Battling Writer’s Blasé

February 16, 2021

I don’t write fiction, which means I’ve probably never had true writer’s block. But I have had writer’s blasé. It’s that feeling when you can’t muster the interest or energy to write an article, even with ample source material at hand.

As director of communications for a national nonpartisan education nonprofit, I write about a specific topic, news literacy. That means I produce a variety of things — op-eds, website content, e-newsletters and feature stories — all related to different aspects of this important work.

But sometimes I run out of stream. A couple of weeks ago my mind was wandering aimlessly while I stared at notes from an interview, wishing my fingers could dance across the keyboard and type out some preconceived story, like sitting down to a player piano. No such luck.

And then Ms. Freeman, my middle school art teacher, showed up to inspire me. She didn’t arrive in the flesh, of course. My monkey mind found her in our old art classroom, the one with grooves worn in the hardwood floor where generations of students had paraded to their seats at bolted-down desks.

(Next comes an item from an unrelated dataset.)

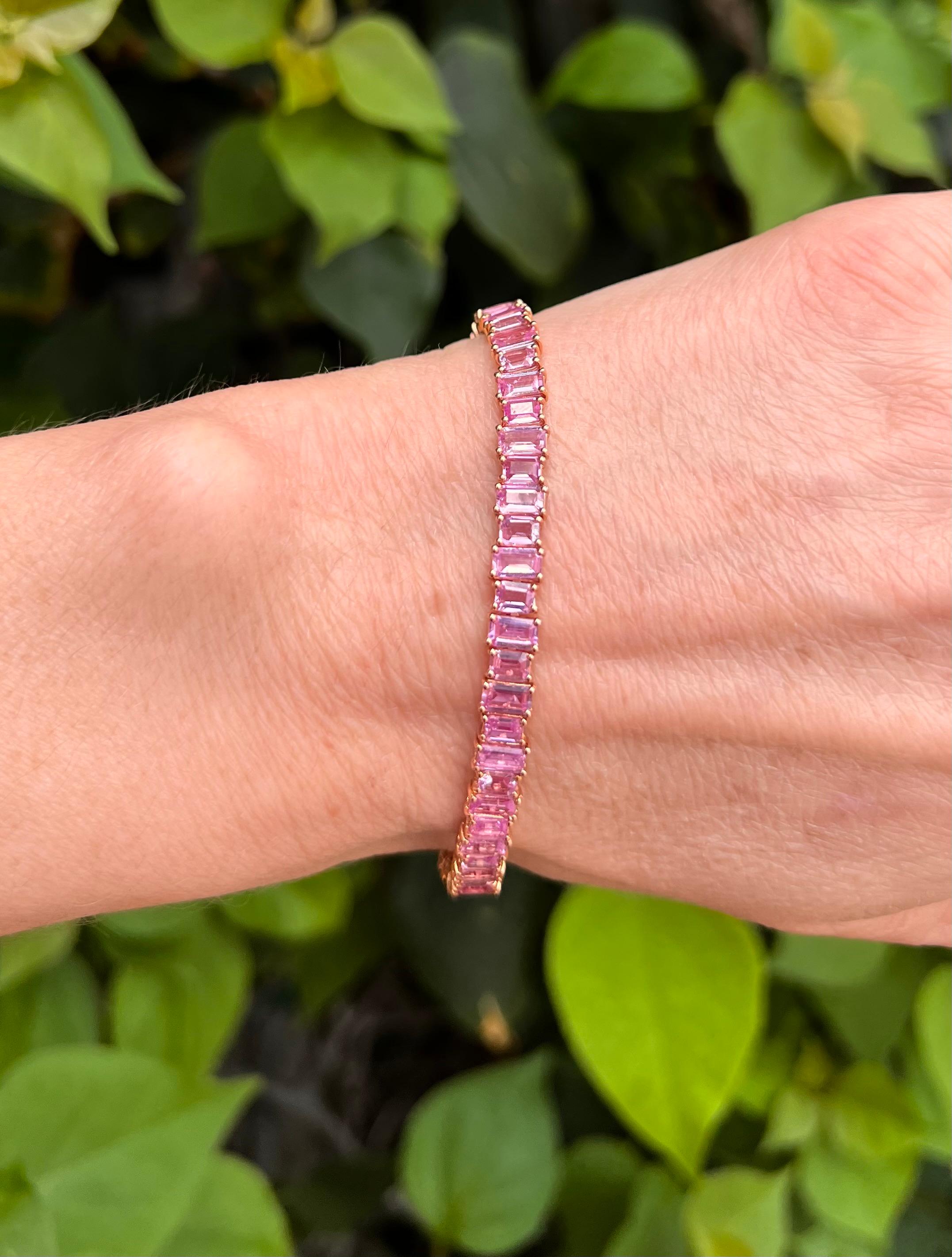 Vibrant pink sapphire line bracelet in 18k rose gold, featuring 55 rectangular, step cut, faceted pink sapphires, which are vertically set in a 'high-low' design, giving a dimension and sparkle to each stone.  Alternating 28 larger and 27 smaller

I saw her handing out materials for an activity I loved. She would randomly pass each of us a piece of construction paper with only part of a photo or illustration from a magazine or newspaper pasted on it — sometimes smack in the middle, other times in a corner or along the bottom. One day she handed me a paper with a photo of purple grapes pasted about halfway down on the left. I looked at it for a couple of seconds, then went to work creating an entire grapevine — much like the one in my grandparents’ back yard — around that bunch of grapes.

Another time my paper came with the head and torso of former Vice President Spiro Agnew, clearly snipped from an editorial cartoon, glued to the bottom right corner. This time, I channeled all those “Laugh-In” episodes and R. Crumb cartoons I’d seen into a bizarre drawing involving talking frogs, swirls of color and a speech bubble over Agnew’s head that read, “Why’s everybody always pickin’ on me?”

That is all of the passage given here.